Suppose I use Least Squares to estimate coefficients in the standard linear model with design matrix $X$'s columns standardized, so the model is $$ E[y] = X^*\beta^* $$ where $X^*$ is $X$ with columns centered and scaled. Assume $X$ has full column rank.

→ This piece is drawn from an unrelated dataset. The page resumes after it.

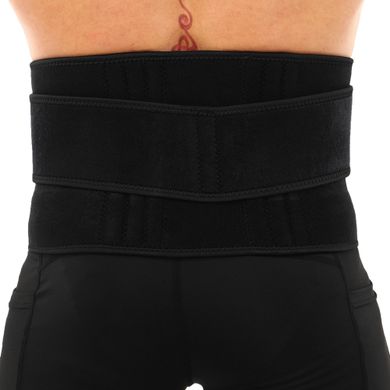 Пояс корсет для поддержки поясницы MUTE WAIST SUPPORT 9037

To recover the regression coefficients $\beta$ in the model with unstandardized X $$ E[y] = X\beta $$ I should be able to use the equation $$ \qquad \quad X\beta = X^*\beta^* \\ \implies X^T X\beta = X^TX^*\beta^* \\ \qquad \quad \; \; \; \; \implies \qquad \beta = (X^T X)^{-1}X^TX^*\beta^* $$ To test this I ran some simple R code:
set.seed(100) # set number of samples N <- 10 # set number of regressors p <- 3 y <- runif(N) X <- matrix(runif(N*p), N) # Least squares coefficients with unstandardized X (b1 <- solve(crossprod(X), crossprod(X,y))) # now standardize X and get new coefficients Xs <- scale(X) (b2 <- solve(crossprod(Xs), crossprod(Xs,y))) # b.orig should be exactly the same as b1, but its not! (b.orig <- solve(crossprod(X), crossprod(X, Xs %*% b2))) Here is the output of b1:
[,1] [1,] 0.17109189 [2,] 0.52204169 [3,] -0.02115178 and the output of b.orig, which should equal b1, but does not:
[,1] [1,] -0.15935376 [2,] 0.16915433 [3,] -0.04696604 What is going wrong here? I have already looked at:http://bit.ly/1HxHS6U, who seems to use a similar idea (equating expected or fitted values of y in both equations).